In the last instance, the question of the ethical distinction between the mind and the body rests on this primary concern: what are the affects which determine my striving to persevere in my being? Do they aid or restrain my striving? Are they joyous or saddening? And do they aid or restrain my power of movement and rest, or my power of understanding and use of reason? By making the ethical distinction, Spinoza allows us to understand ourselves, and our relation to others, in light of these nuances regarding the affects. If we have seen that it is our striving in accordance with the first kind of knowledge which gives rise to sad affects and constitutes human bondage, it is by way of the second kind of knowledge which gives rise to an association of human beings which is beneficial for all. As Spinoza writes, “Men still find from experience that by helping one another they can provide themselves much more easily with the things they require, and that only by joining forces can they avoid the dangers which threaten on all sides.” It is by understanding what is common to all men, by way of the common notion of Man, that we come to see how human beings agree in certain and determinate ways. Therefore, while we strive to persevere in our being, it is our striving in accordance with this second kind of knowledge (reason) that we strive in such a way that not only benefits ourselves but others as well. This common notion of Man, in light of the second knowledge, understands our striving as the same striving as other human beings insofar as they are understood as modifications of thought and extension, both which express God’s essence. This would be the meaning of Spinoza’s statement that “man is a God to man,” which is made possible by the ethical difference of the powers of the mind and the powers of the body, each which constitute our striving in the world.

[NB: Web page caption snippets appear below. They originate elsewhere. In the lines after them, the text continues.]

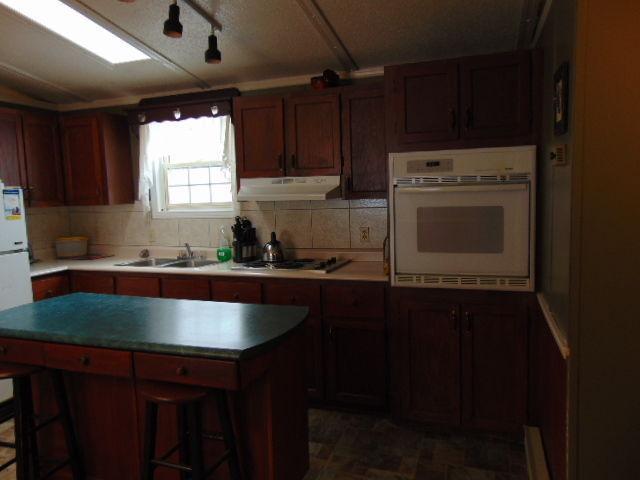 MINI HOME JUST LISTED! PRICED BELOW ASSESSED VALUE $44,500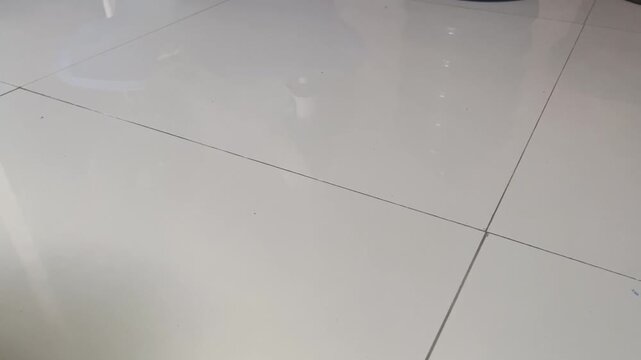 Clean shiny white ceramic tile floor background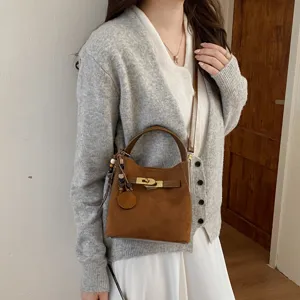 Retro suede bucket bag for women, stylish brown shoulder handbag with chic turn lock design.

III. Parallelism As Ethical Distinction

The examples of the sad individual populates Spinoza’s Ethics: the madman, the chatterbox, the drunk, the child, those who believe Nature’s telos is man, those who rely on the sadness of others for the exercise of their own power, the envious person who takes pleasure in another’s lack of power, and so on. What unites all these individuals is the idea that they believe themselves free because they are conscious of their actions and ignorant of the causes which determine them. As I have been arguing, the arguments found in IIP7 and IIIP2, do not serve the the purpose for a proof regarding a non-interaction between the mind and the body. Spinoza’s arguments regarding his supposed “parallelism” do not set out to show how the mind and the body are unrelated, or separated. Nor do his arguments provide a deepening of any supposed mind-body dualism. Rather, the thesis regarded as “parallelism” in Spinoza’s work ought to be understood in its ethical valence.

First, in terms of their metaphysical meaning as understanding God as the cause of the attributes of thought and extension. Second, in terms of their epistemological meaning as understanding the powers of the mind and the powers of the body as united in each individual and constitutive of their power of striving. Third, in terms of their ethical implications insofar as it is necessary to understand what aids and restrains our understanding of the necessary and essential causal relations. Thus, in Spinoza’s vision of ethical life, the ethical distinction between mind and body serves as a diagnostic in order for us to strive in accordance with reason. It is for these reasons that Spinoza cannot be said to posit a parallel relation between the mind and the body, and must be understood to pose this as an ethical distinction, since the Ethics is a work which sets as its task an understanding of human freedom in relation to all the causes which exert their power over ourselves and others. On this point Spinoza’s word puts it best:

“My account of the matter, the view I have arrived at, is this: no deity, nor anyone else, unless he is envious, takes pleasure in my lack of power and my misfortune; nor does he ascribe to virtue our tears, sighs, fear, and other things of that kind, which are signs of a weak mind. On the contrary, the greater the joy with which we are affected, the greater the perfection to which we pass, that is, the more we must participate in divine nature.”